Como reflexión preliminar hemos de llamar la atención respecto
a como el Gobierno, que se intenta presentar a la opinión pública
como el adalid del dialogo social, dicta por Decreto cuando no hay consenso
entre los agentes sociales; ¡Curioso mecanismo coactivo! ¡
O ustedes pactan lo que yo les digo lo que tienen que pactar, o yo dictaré
un Real Decreto-Ley pasando por encima de ustedes!
Las nuevas medidas adoptadas, de acuerdo con lo expresado en la exposición
de motivos de dicha Real Decreto-Ley, se enmarcan en una continuación
de la línea emprendida por la Ley 63/97, de Medidas Urgentes para
la mejora del contrato de trabajo y fomento de la contratación
indefinida. En aquella ocasión, las centrales sindicales mayoritarias
firmaron su aquiescencia a dicha reforma, permitiendo al gobierno presentarse
como el mero notario de un acuerdo entre empresarios y trabajadores.
Lo
más llamativo de aquella reforma era la introducción de
un nuevo contrato "indefinido", con el cual los empresarios,
contratando a personas de determinados colectivos, obtenía una
bonificación en las cotizaciones a la Seguridad Social y, lo que
es más importante, la posibilidad de despedir improcedentemente
a dichos empleados abonando una indemnización de 33 días
por año trabajado (cuando al norma general es de 45).
La nueva reforma avanza en esa línea ampliando los colectivos a
los que se puede contratar mediante esta modalidad (Artículo 4
del Real Decreto-ley 5/2001). Lo que se presenta como un mecanismo para
aumentar la estabilidad en el empleo supone en la práctica, a juicio
del que suscribe, todo lo contrario, y ello por las razones que a continuación
se exponen:
En primer término porque, como sabemos quienes trabajamos en esta
jurisdicción, el despido en este país es, salvo excepciones,
libre, salvo que debe indemnizarse. Cualquier medida de abaratamiento
del despido lo hace más fácil, de tal modo que aumenta la
presión sobre el empleado para incrementar el ritmo de trabajo,
para la realización de horas extraordinarias, para que no se sindicalice,
etc., teniendo sobre sí la espada de Damocles de un despido barato.

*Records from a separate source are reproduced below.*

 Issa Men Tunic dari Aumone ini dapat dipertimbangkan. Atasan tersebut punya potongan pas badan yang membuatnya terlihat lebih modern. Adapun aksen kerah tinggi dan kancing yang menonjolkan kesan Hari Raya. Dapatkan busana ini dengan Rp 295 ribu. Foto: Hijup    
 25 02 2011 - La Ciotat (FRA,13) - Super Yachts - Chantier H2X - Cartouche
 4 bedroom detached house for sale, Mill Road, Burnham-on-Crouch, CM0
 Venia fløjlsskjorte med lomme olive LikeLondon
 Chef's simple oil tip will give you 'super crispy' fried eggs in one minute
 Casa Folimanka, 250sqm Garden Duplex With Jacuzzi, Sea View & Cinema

En segundo lugar porque, con estas medidas, a muchas empresas les merece
la pena extinguir empleos estables, de trabajadores con bastante antigüedad,
salarios relativamente altos y significativa presencia sindical, utilizando
profusamente el mecanismo del despido colectivo por causas objetivas,
para posteriormente subcontratar con empresas integradas por trabajadores
con una antigüedad menor, salarios más bajos y acogidas a
los beneficios del nuevo contrato de fomento de la contratación
indefinida, que pueden poner a disposición a empleados baratos
y disciplinados por su precariedad (esto está ocurriendo actualmente
en el campo de la telefonía y explica en parte el problema de SINTEL).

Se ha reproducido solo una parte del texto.